▸ INPUT FOR THIS TASK
──────────

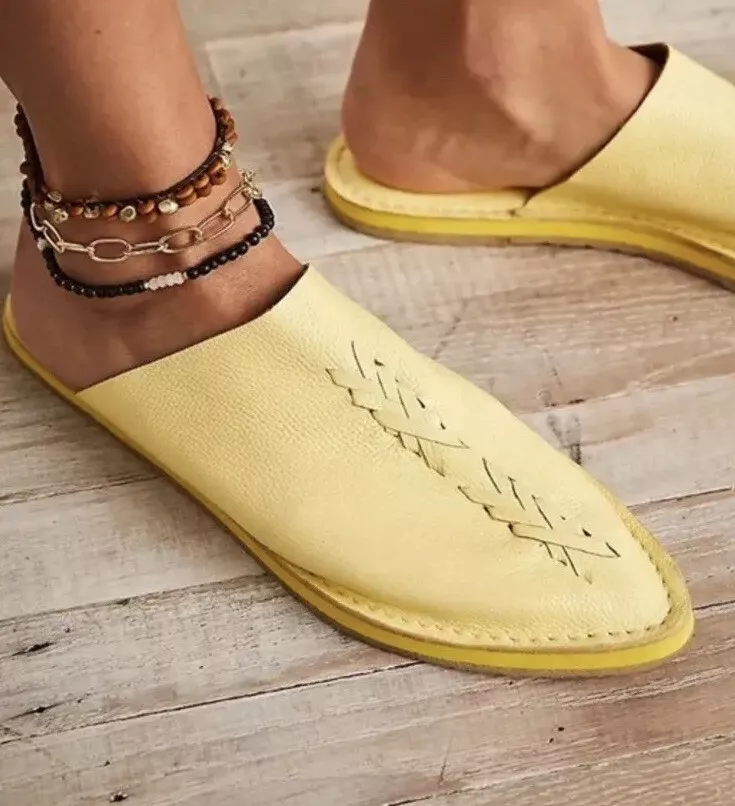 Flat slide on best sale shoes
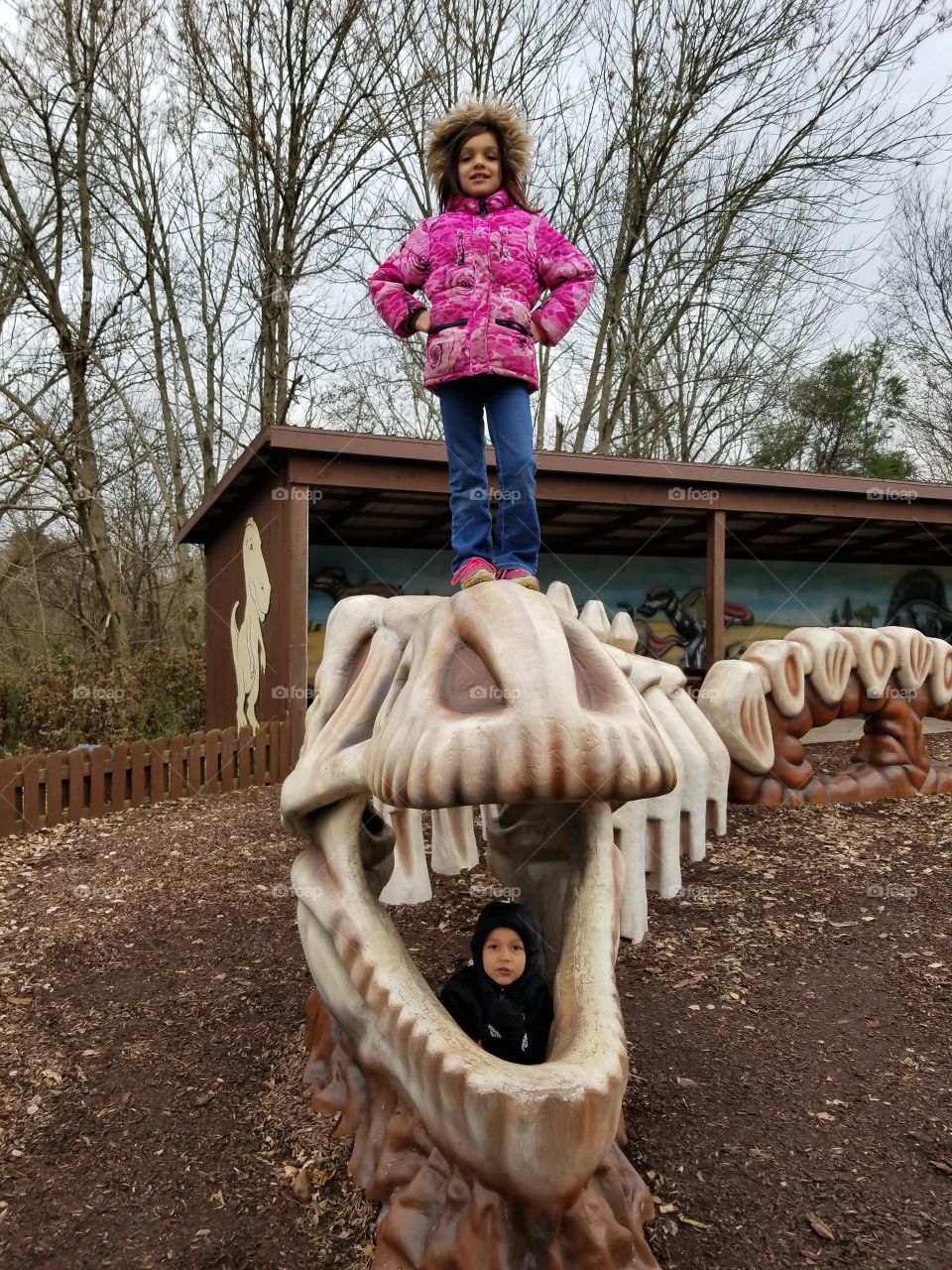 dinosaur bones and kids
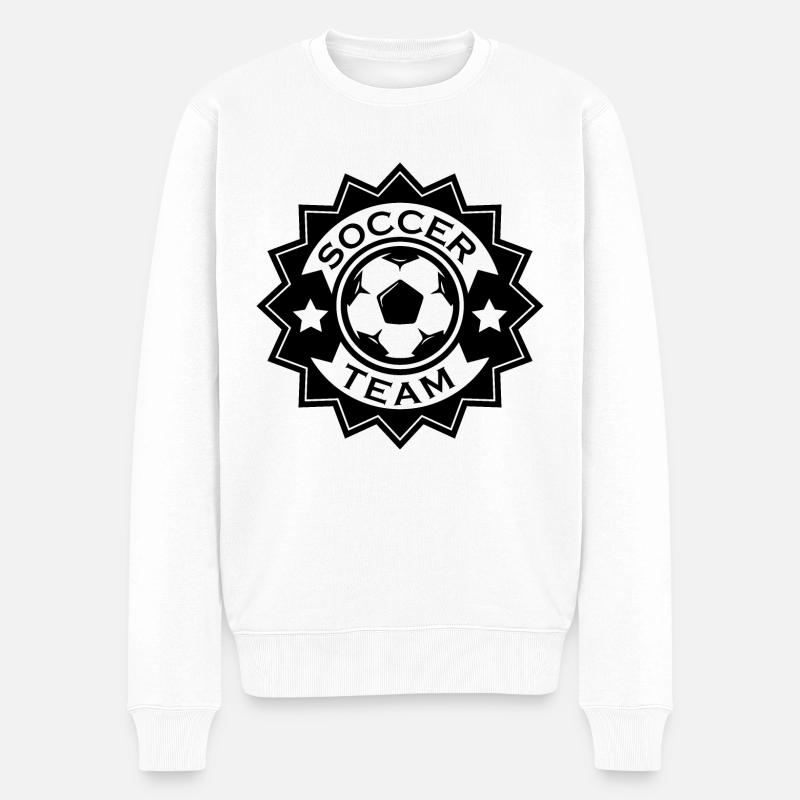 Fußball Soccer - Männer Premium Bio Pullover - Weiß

──────────

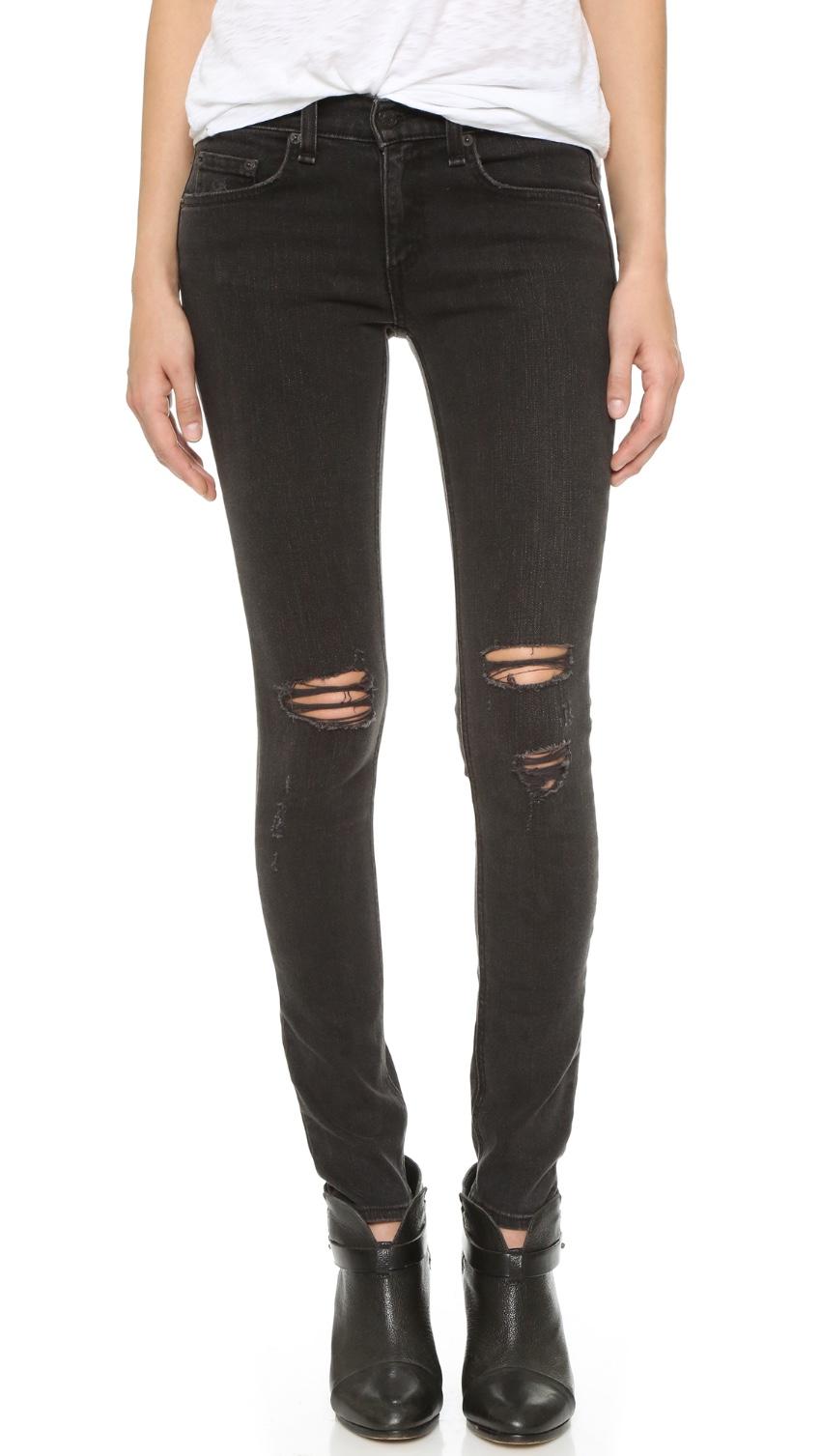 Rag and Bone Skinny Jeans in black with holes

──────────

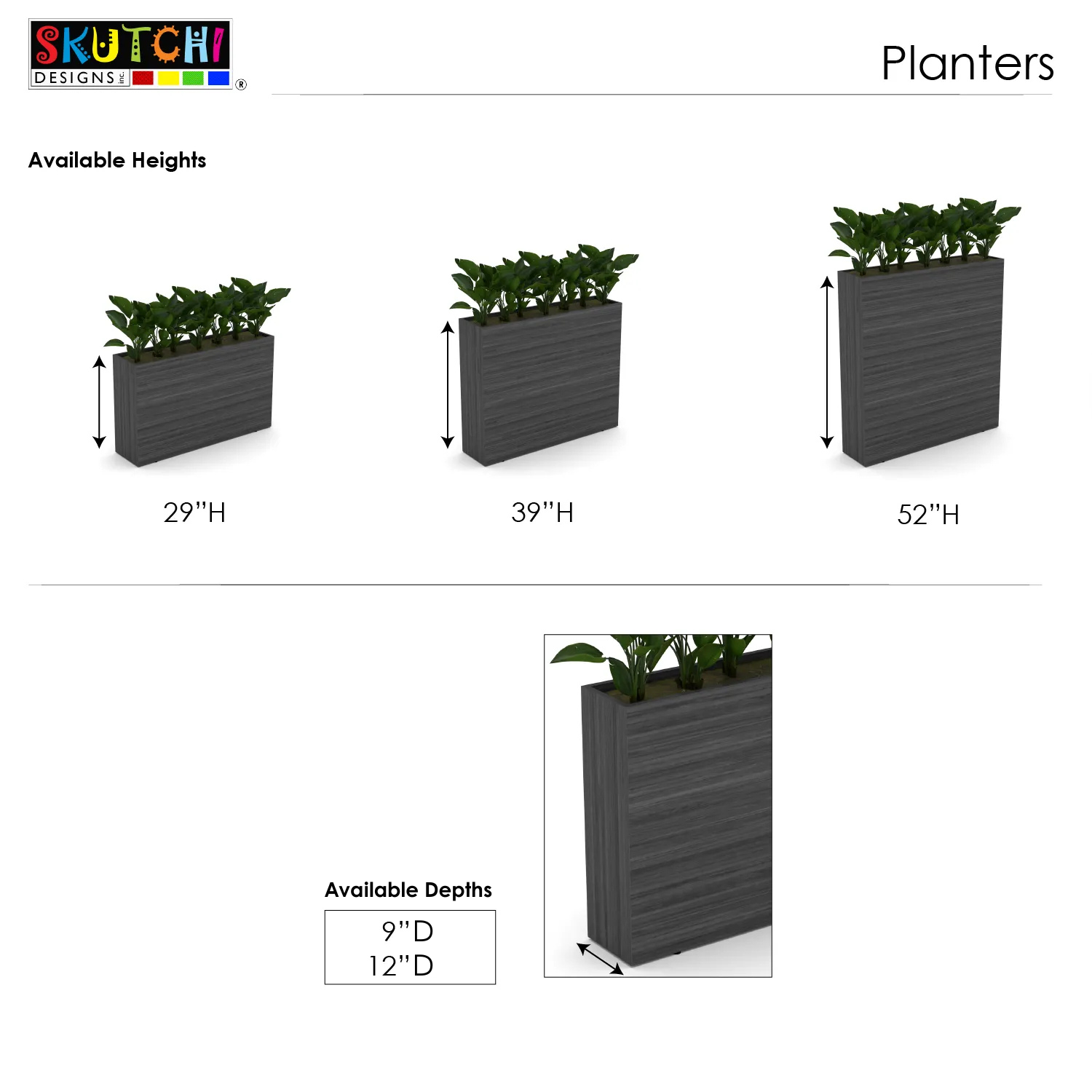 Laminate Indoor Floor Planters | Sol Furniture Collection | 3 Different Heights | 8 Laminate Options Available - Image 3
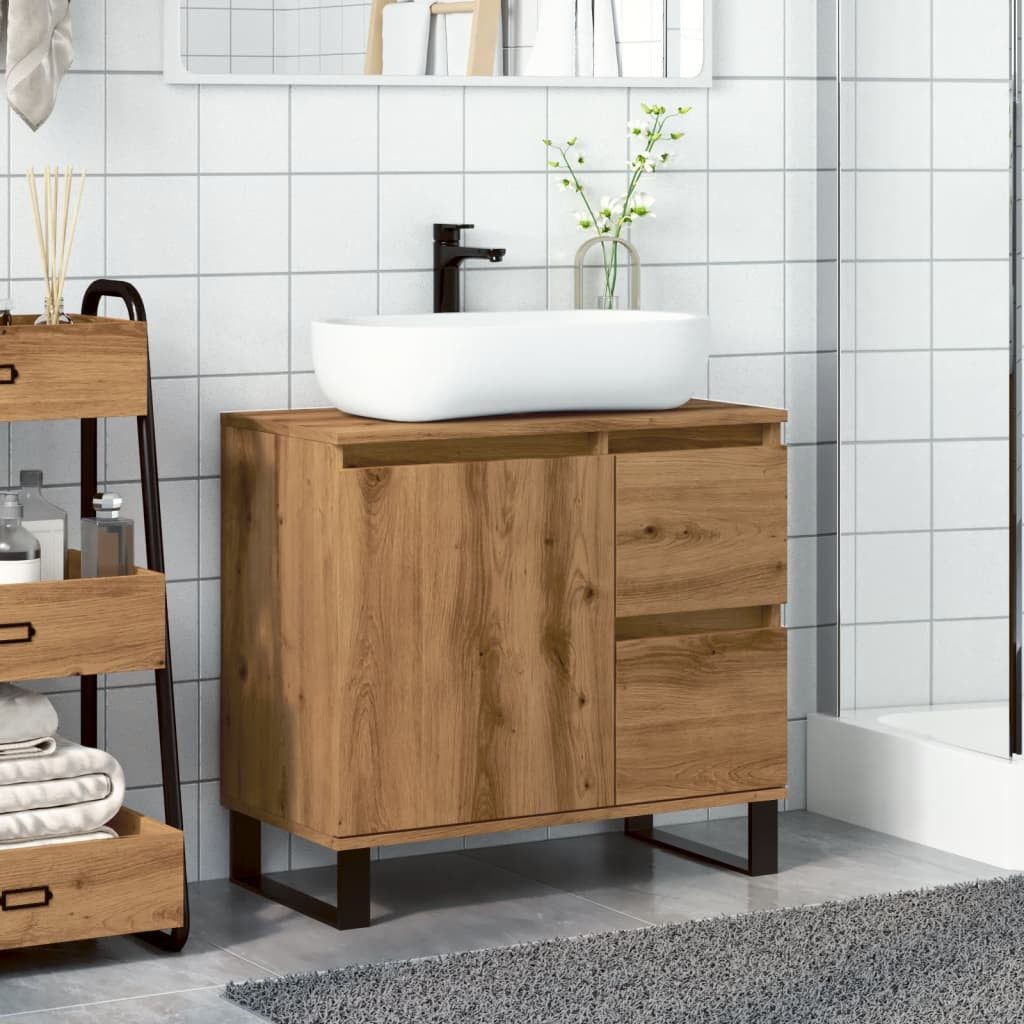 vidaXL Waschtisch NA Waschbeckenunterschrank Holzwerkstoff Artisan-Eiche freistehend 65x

──────────

▸ ACTIVITY
From the records above, transcribe exactly the lines starting at the one containing "Laminate Indoor Floor" and ending at the one containing "vidaXL Waschtisch NA". Skip the pictures.

▸ ANSWER TO THIS EXERCISE
 Laminate Indoor Floor Planters | Sol Furniture Collection | 3 Different Heights | 8 Laminate Options Available - Image 3
 vidaXL Waschtisch NA Waschbeckenunterschrank Holzwerkstoff Artisan-Eiche freistehend 65x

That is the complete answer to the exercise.